Congratulations on your new job
Teaching is a job that carries a high level of prestige but a relatively low level of financial compensation. According to salary.com, “The median annual Public School Teacher salary is $55,072, as of January 30, 2018, with a range usually between $48,080-$63,581” (emphasis not mine). Teachers with greater experience and education move up the salary scale, but moving up the salary lanes of your school system involves an additional investment of financial capital and time. If you’re a recent graduate, you may be paying off student loans. Just starting out on your own forces the young teacher to make important financial decisions early on. It is so important to lay a strong foundation for the future by establishing good habits early in your professional life. Here are just a few things to think about.
Just after moving to my current school system, teachers received a 15% pay increase to stay competitive with surrounding school systems. It was a good financial move. But it was offset by the divorce process which I experienced almost simultaneously. Divorce is costly not only in an emotional sense but a person’s financial house is basically torn in two. Depending on how things go, a teacher might be forced to sell the house. I chose to buy my ex-wife out, refinance the house, taking on the mortgage on my own so that my three kids would have a consistent environment in which they could grow and flourish. She received a check for half of the equity of the house, and I lost her earning power as a member of the family. To make matters worse, she was the primary caregiver for the kids, so she received a child-support payment that made paying my other bills even more difficult. Home ownership is a massive financial liability. The house requires upkeep, investments in refurbishing and remodeling, emergency purchases of plumbing and roofing, as well as regular monthly expenses of electricity, cable, internet, and phone. My debt ratio skyrocketed. To feed the kids, put gas in the car, and make my bills, I used credit to stay afloat. I supported my family with health insurance, childcare costs, and joint custody of the kids. In the long run, I am thankful I am still in my house fifteen years later, but I have made little or no progress of getting out of debt. The moral of the story: mend it, don’t end it. Unless you’re experiencing physical, emotional, or verbal abuse, do what you can to stay with your spouse, not just for financial reasons, but for emotional reasons too. The improved financial situation makes up a long-term benefit of the sacrifices that you might be willing to make to stay married.
Rent or Buy
Most adults make three major purchases in their lives that requires a loan from a bank: a college education, a car, and the first house. You could stay with renting, but most people purchase a home in which to raise a family, but also for the mortgage interest deduction that comes with owning a piece of real estate. For me, the federal and state refund that I receive at tax time keeps me in the middle class. With it, I can save for a beach trip with the kids, pay some bills, and have some breathing room in the paycheck-to-paycheck lifestyle to which I am confined. For most dwellings, and depending on where you are living, rent is less expensive than a mortgage payment. But owning a home is an investment because the value of the home increases over time. You can sell your house and reinvest the equity (or profit) into a bigger, better home. Or you can borrow against the value of your home and take out a home equity loan to finance other big purchases, usually at a lower interest rate. So, as with most decisions in economics, life is a trade-off. As you progress through your teaching career and improve your credit rating and purchasing power, you’ll probably join the ranks of the homeowners, or as I sometimes have to say, the “home moaners.”

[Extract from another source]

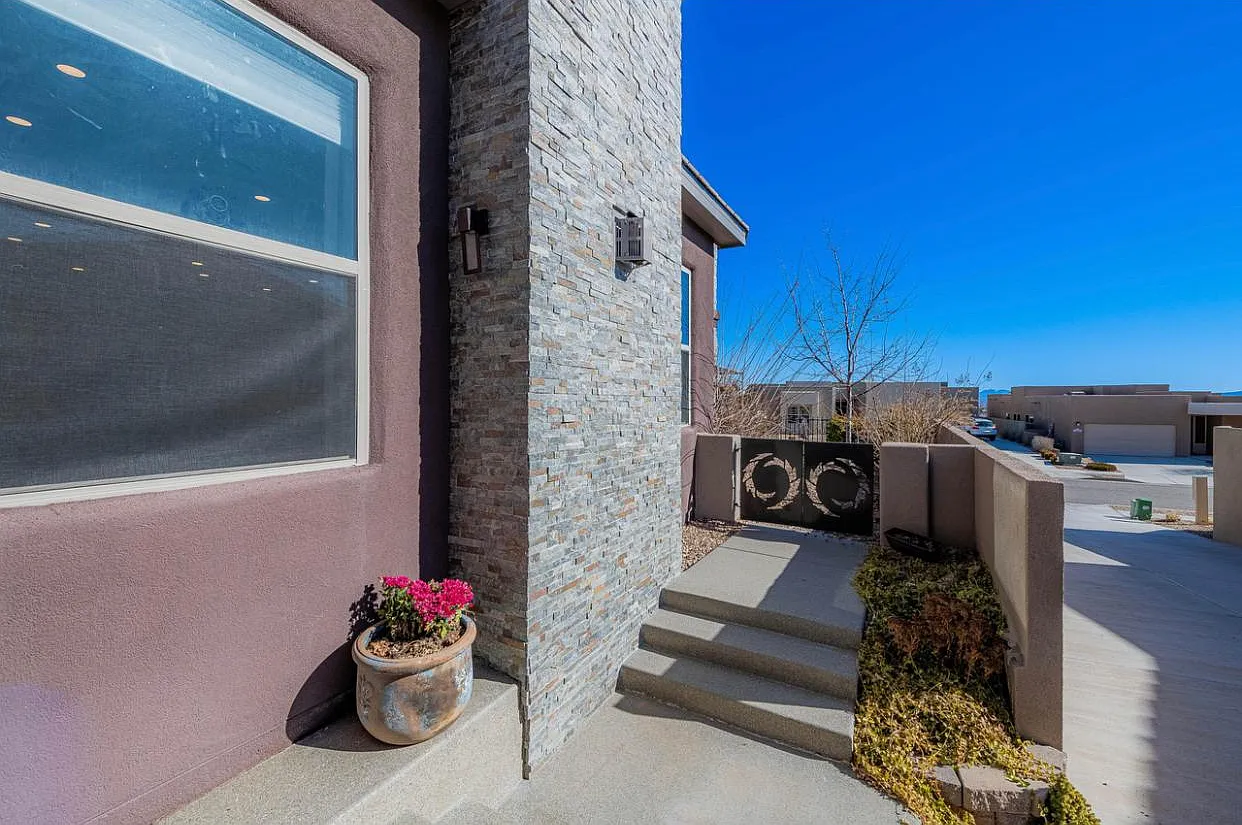 6055 Redondo Sierra Vis NE — Photo 3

Start Saving For Retirement Now
In the paragraphs above, you can see that discretionary income was rare, so putting something away each month for retirement was not an option for me. Only later in life did I make the decision to use direct deposit to invest in a private retirement fund. My school system matches a deduction from my bi-weekly paycheck into the state retirement fund, and I pray this fund is never raided by the state legislature to balance the state budget. The state system can tell me what I’ll receive if I make it to year thirty as a teacher, but most financial advisers state that you should have ten times your annual salary saved up by the time you retire. I probably won’t make that goal, but if you start early enough, you can secure a reasonable standard of living in your golden years.

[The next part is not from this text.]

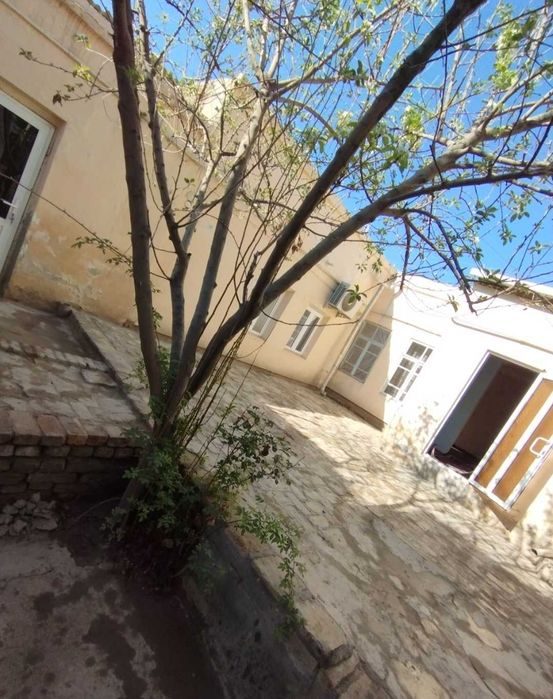 3-room house, 200 m², Bukhara, for sale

Living Paycheck to Paycheck
I write to you as a single dad, fifty seven years old, thirty-four years in education, over ten thousand dollars of credit card debt, 22 years left on a thirty year mortgage (due to several refinances in the wake of the divorce), and I am about to become an “empty nester.” I make a good salary, but I never feel as though I have enough money to live a “normal lifestyle.” My credit rating is good because I pay my bills on time and I pay above the minimum on my credit card bills, but my expenses are such that it does not feel like I am ever making progress in paying down my debt. I am the poster child for someone who lives paycheck to paycheck. Don’t be like me. Have a strong savings account that could carry you for six months to a year if you needed it. I know financial progress means eating at home more often than going out. Frivolous purchases such as a daily visit to Starbucks (called “the latte factor”) add up and can be used to buy groceries for you and your family. Making purchases that come directly from checking rather than on credit would reduce the amount of interest I am paying on my various credit cards. Driving the same car beyond the point where it is paid off allows the car payment to be diverted to paying off debt or into savings. These little sacrifices add up and can make the difference when it comes time to pay the bills. One more recommendation: I keep a spreadsheet in Excel with all my bills, their due dates, payments, and passwords. I save it under a new file name as the new month begins so I have a record of all monthly transactions. Even if I am paying the same amount on my credit cards and other monthly expenses, this arrangement helps me track purchases and payments.
Use your assets
There have been too many instances over the years where I have run out of money before I run out of the month. A friend who is a close confidant said to me that if just cutting expenses is not achieving the goal, then you have to increase revenue too. So I am writing as a freelance contributor to this and other websites. I have published a book of Civics lesson plans, which provides a modest amount of royalties. There are websites such as TeachersPayTeachers.com where the work you do in the classroom can be marketed, monetized, and used as a source of additional income. I also tutor homebound students after my school day ends several days a week, which adds to my take-home pay. I am also a teacher of world history online for my school system, all of which adds time to my workday, but I am processing student work at home and at a time of my own choosing. I have become an expert time budgeter, juggling all of these balls, bringing home a little more disposable income to pay my bills and offer myself a modest level of middle-class living. I am using my talents in a way that maximizes my value to my school system while improving my financial standing. Nevertheless, had I made better financial decisions when I started my career, I could have achieved greater financial success as my career now comes to a close in the middle-distant future. I offer these recommendations to you so that your future as a teacher may be a brighter one.